The lack of previous studies on the ESR in prostate cancer diagnosis is presumably due to the difficulty in selecting a tissue to serve as a reference point. We also considered the urinary bladder, normal prostate tissue, and pelvic floor muscle as reference points. There was concern that the stiffness of the bladder would be measured differently depending on the amount of urine inside the bladder, and prostate tissue thought to be normal was excluded because of the possibility of hidden cancer. Among the pelvic floor muscles, the target lesion and levator ani close to the prostate were set as reference points for easy measurement on one screen.

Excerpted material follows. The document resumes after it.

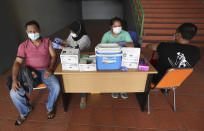 People receive a shot of the Sinovac's COVID-19 vaccine during a vaccination campaign at the Patriot Candrabhaga Stadium in Bekasi on the outskirts of Jakarta, Indonesia Friday, Nov. 26, 2021. Indonesia has significantly recovered from a mid-year spike in coronavirus cases and deaths that was one of the worst in the region, but with its vaccination drive stalling and holidays approaching, experts and officials warn the island nation could be set soon for another surge. (AP Photo/Achmad Ibrahim)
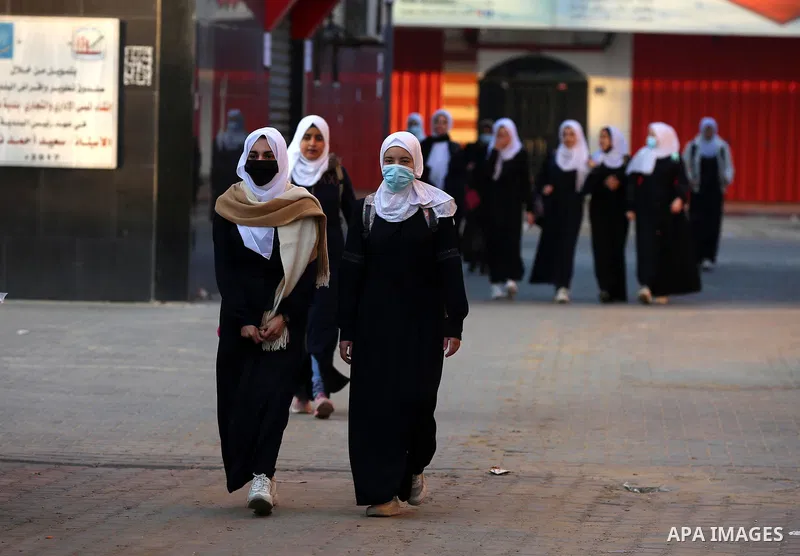 Palestinian students wearing protective face masks, return back to their school, in the morning of the first day of the second semester study, amid the coronavirus disease (COVID-19) outbreak, in Dair Al Balah in the cen...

Our study is valuable in suggesting the cut-off value of the ESR and its diagnostic performance and usefulness. We expect better diagnostic performance when combining the ESR and grayscale of hypoechoic lesions using ultrasonography. However, there are also limitations to pilot studies such as ours. First, depending on the ESR mechanism, different results may be obtained depending on the equipment and physician. Second, we used the levator ani as a reference point for comparison with cancer tissue, but many studies are needed to determine a unified reference point. Third, our study analyzed specimens from MRI-targeted prostate biopsy; however, it is necessary to confirm whether there is a difference with the surgical specimen. Fourth, tissue stiffness may differ depending on the tumor location and aggressiveness. Owing to the small number of target lesions in our study, further analysis was difficult, and tissue stiffness will need to be verified in future studies. Finally, for a high positive predictive value, we set a cut-off value of high specificity as a predictor of prostate cancer and thus showed low sensitivity. Large data sets and well-controlled multicenter studies are needed to confirm our findings and address this issue.
In conclusion, the ESR is useful for predicting clinically significant prostate cancer, and the PSA level and DRE are recommended as screening tests for prostate cancer. Recent guidelines recommend pre-biopsy prostate MRI in patients with suspected prostate cancer. However, MRI is unsuitable for screening. The ESR helps overcome the limitations of DRE using the widely used ultrasonography. We expect good diagnostic performance of TRUS using elastography combined with the grayscale of hypoechoic lesions.